Vocal artists pay worthy tribute to Viktor Ullmann

Fri Oct 16, 2015 at 5:02 pm
Music of Viktor Ullmann was performed Thursday night at Merkin Concert Hall.

Music of Viktor Ullmann was performed Thursday night at Merkin Concert Hall.

Among the many cultural victims of the Holocaust was an adventurous composer named Viktor Ullmann who had an affinity for music that the Nazis labeled “degenerate” — perhaps most famously, the breakthrough in atonality made by Arnold Schoenberg.

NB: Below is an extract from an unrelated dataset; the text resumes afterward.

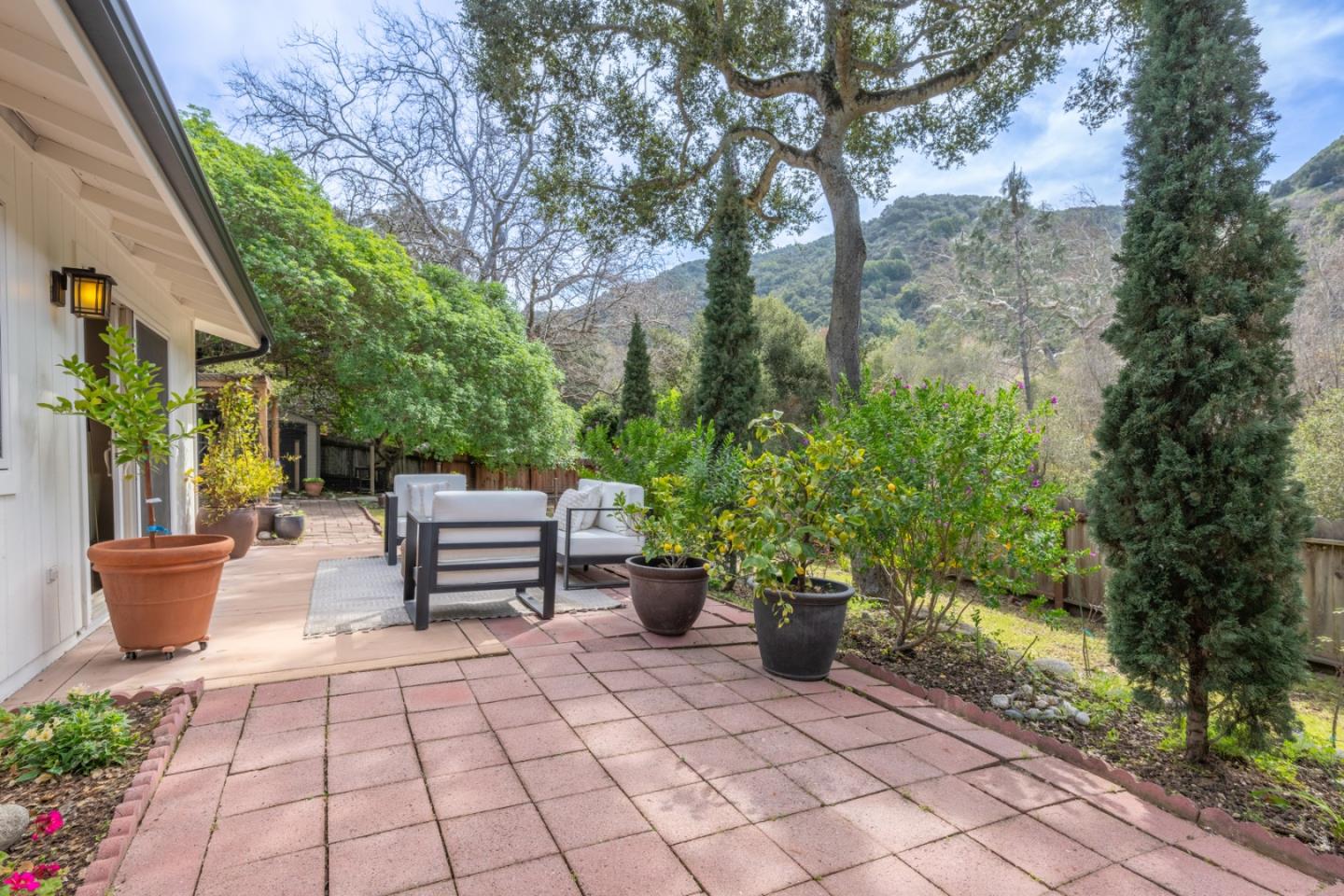 Detail Gallery Image 15 of 29 For 23 Paso Hondo, Carmel Valley,  CA 93924 - 2 Beds | 2 Baths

Ullmann, briefly a student of Schoenberg’s, was imprisoned by the Nazis and murdered at Auschwitz October 18, 1944, at age 46. Many of his works were lost, although enough survive that Ullman today is edging into repertoire alongside mainstays of early 20th Century music.

The Ullmann Project, an initiative by New York-based singer Dominique Hellsten, is designed to sustain that momentum and bring Ullman to a larger audience. A crisp solo voice and piano recital Thursday night at the Kaufman Music Center’s Merkin Concert Hall, on Manhattan’s Upper West Side, did precisely that, pairing Ullman’s unjustly neglected works with pieces by kindred composers.

Though not Schoenberg, in this case. Although the inventor of twelve-tone music was in the room, stylistically speaking, Hellsten opted instead for a program including works by a Schoenberg contemporary who also mentored Ullmann, Alexander von Zemlinsky. 

Also presented on Thursday were Ullmann’s more lyrical and tradition-minded contemporary, Erich Wolfgang Korngold (likewise a Zemlinsky pupil), and, lastly, a successor of sorts who reconciled the divergent styles of Ullmann and Korngold, Petr Eben.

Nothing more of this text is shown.